To install this python library in site-packages:

pip install --upgrade pokemontools

And for local development work:

python setup.py develop

And of course local installation:

python setup.py install

testing

Run the tests with:

nosetests-2.7

There might be a great deal of spammy output. Drop some of the spam with:

nosetests-2.7 tests.integration.tests --nocapture --nologcapture

see also

Pokémon Crystal utilities and extras

crystal.py parses the ROM and provides convenient classes to dump human-readable ASM with the global to_asm() method. This ASM can then be compiled back into the original ROM. Currently it parses map headers, "second" map headers, map event headers, map script headers, map triggers, map "callbacks", map blockdata, xy triggers, warps, people-events, texts and scripts.

Simple ASM generation example

Note: throughout these examples it is possible to use reload(crystal) instead of import pokemontools.crystal. Once the module is loaded a first time, it must be reloaded if the file changes and the updates are desired.

import pokemontools.crystal as crystal

# parse the ROM
crystal.run_main()

# create a new dump
asm = crystal.Asm()

# insert the first 10 maps
x = 10
asm.insert_with_dependencies(crystal.all_map_headers[:x])
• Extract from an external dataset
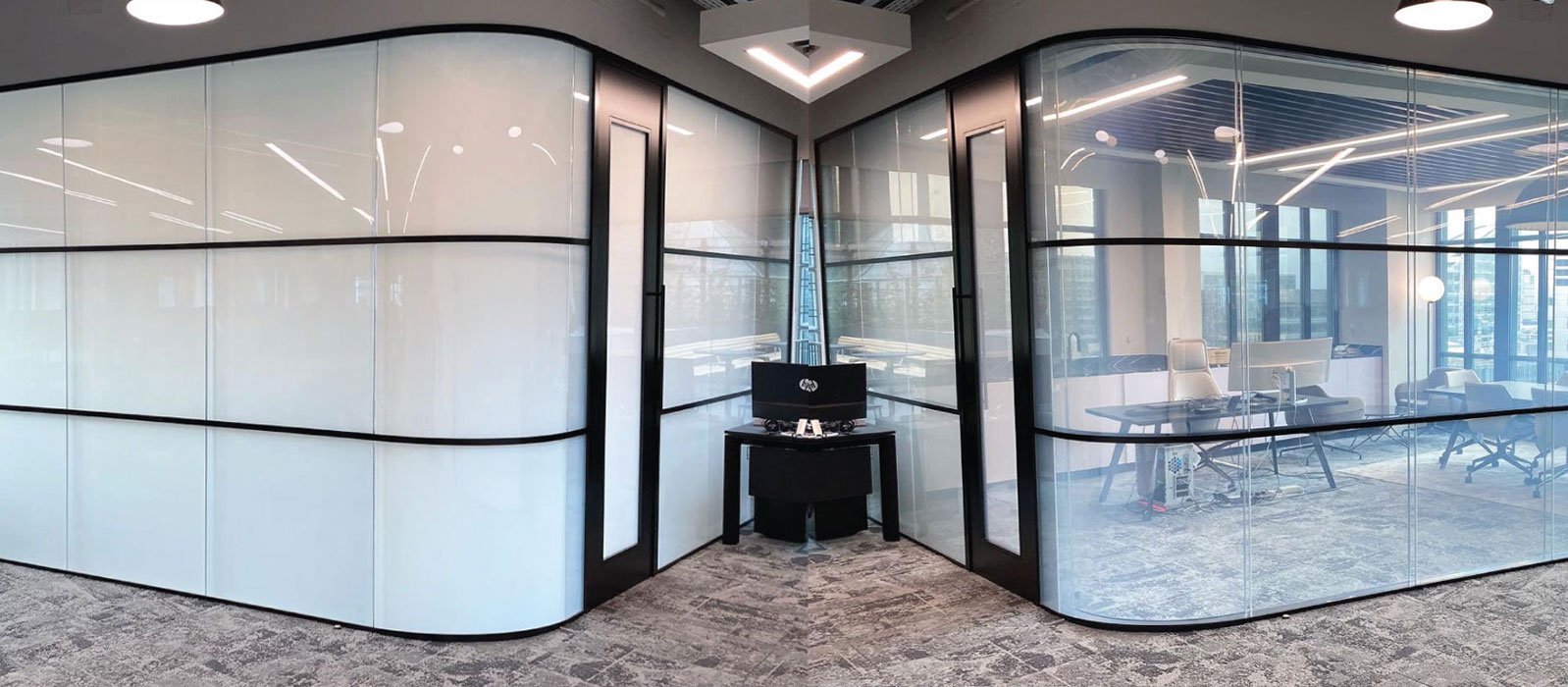 ۱۰ اشتباه رایج در طراحی حمام که باید رعایت کنید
# dump to extras/output.txt
asm.dump()

After running those lines, cp extras/output.txt main.asm and run git diff main.asm to confirm that changes to main.asm have occurred. To test whether or not the newly inserted ASM compiles into the same ROM, use: make clean && make. This will complain very loudly if something is broken.

Testing

Unit tests cover most of the classes.

python tests.py

Parsing a script at a known address

Here is a demo of how to investigate a particular script, starting with only an address to a known script (0x58043). In this case, the script calls the 2writetext command to show some dialog. This dialog will be shown at the end of the example.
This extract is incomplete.